Generative Adversarial Networks Explained

1. Overview

1.1. What are Generative Adversarial Networks (GANs)?

Generative Adversarial Networks GANs are a class of generative models that learns to produce new data instances with the same characteristics as the training data through a game-theoretic scenario (a minimax game) between two competing neural networks: a generator and a discriminator.

1.2. Original Motivation

Designed to overcome the difficulties of training traditional generative models (like earlier Variational Autoencoders or Boltzmann Machines) by replacing explicit density function calculation with a competition. This made it possible to generate high-fidelity, realistic samples (especially images) that were previously unattainable.

1.3. Relevant Papers

Ian Goodfellow et al. (2014) – “Generative Adversarial Nets”: Introduced the concept of GANs, the objective function (the minimax game), and demonstrated the ability to generate simple images.
Alec Radford, Luke Metz, Soumith Chintala (2015) – “Unsupervised Representation Learning with Deep Convolutional Generative Adversarial Networks (DCGAN)”: Standardized the architecture by using Convolutional Neural Networks (CNNs) for both the generator and discriminator, which significantly improved the stability and quality of image generation.

1.4. Current Status

GANs are one of the most active and successful areas of research in deep learning. They continue to push the state-of-the-art in image and video generation, but research also focuses heavily on improving training stability (a key challenge) and mitigating common issues like mode collapse.

1.5. Relevance

GANs are highly relevant as they provide an effective framework for unsupervised and semi-supervised learning, particularly in tasks requiring the creation of high-dimensional, realistic, and novel data. They have had a transformative impact on the fields of computer vision and creative AI.

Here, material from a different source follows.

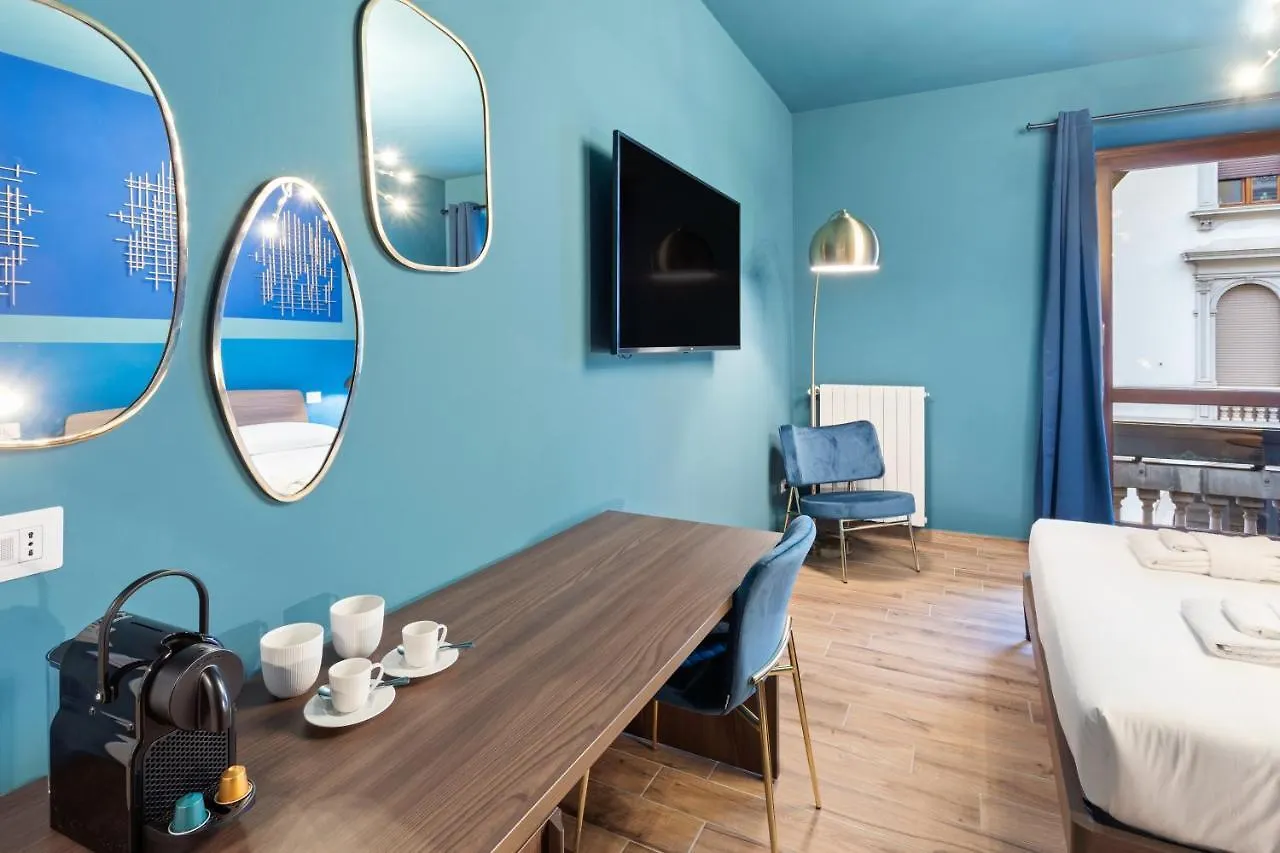 Porta Venezia Suite Milan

1.6. Applications (Historical & Modern)

Image Synthesis: Creating photorealistic images, translating images from one domain to another (CycleGAN), super-resolution, and image-to-image translation (e.g., changing weather in a photo). Data Augmentation: Generating synthetic, yet realistic, samples to expand limited datasets for tasks like classification. Computer Graphics & Entertainment: Generating new textures, faces, and creating deepfakes (a controversial application). Drug Discovery & Materials Science: Designing novel molecular structures with desired properties.

2. From Probabilistic Modeling to Deep Learning

2.1. The General Approach So Far

The three models we have seen so far—GMMs, VAEs, and NFs—follow a probabilistic modeling approach. The learning of the data distribution is guided by the log-likelihood as a loss function and Maximum Likelihood Estimation (MLE) as a probabilistic approach. For this approach to work, we had to make many assumptions:

VAEs: latent variable structure, specific forms of the likelihood (ELBO) and variational posterior (Gaussian) density networks.
NFs: functions must be invertible and Jacobian determinant evaluation must be computationally feasible. As we have seen in the last post, this limits the structure of the mapping network.

A fair question is: Can we model the data better by having fewer assumptions? Idea: given initial noise \( z \sim \mathcal{N}(0,I) \), is it possible to use a flexible function to transform the noise \( z \) into the target data space \( x \sim p(x) \) using a transformation (mapping) \( f_{\theta}(z) \)? In contrast to NFs, the transformation can be any function.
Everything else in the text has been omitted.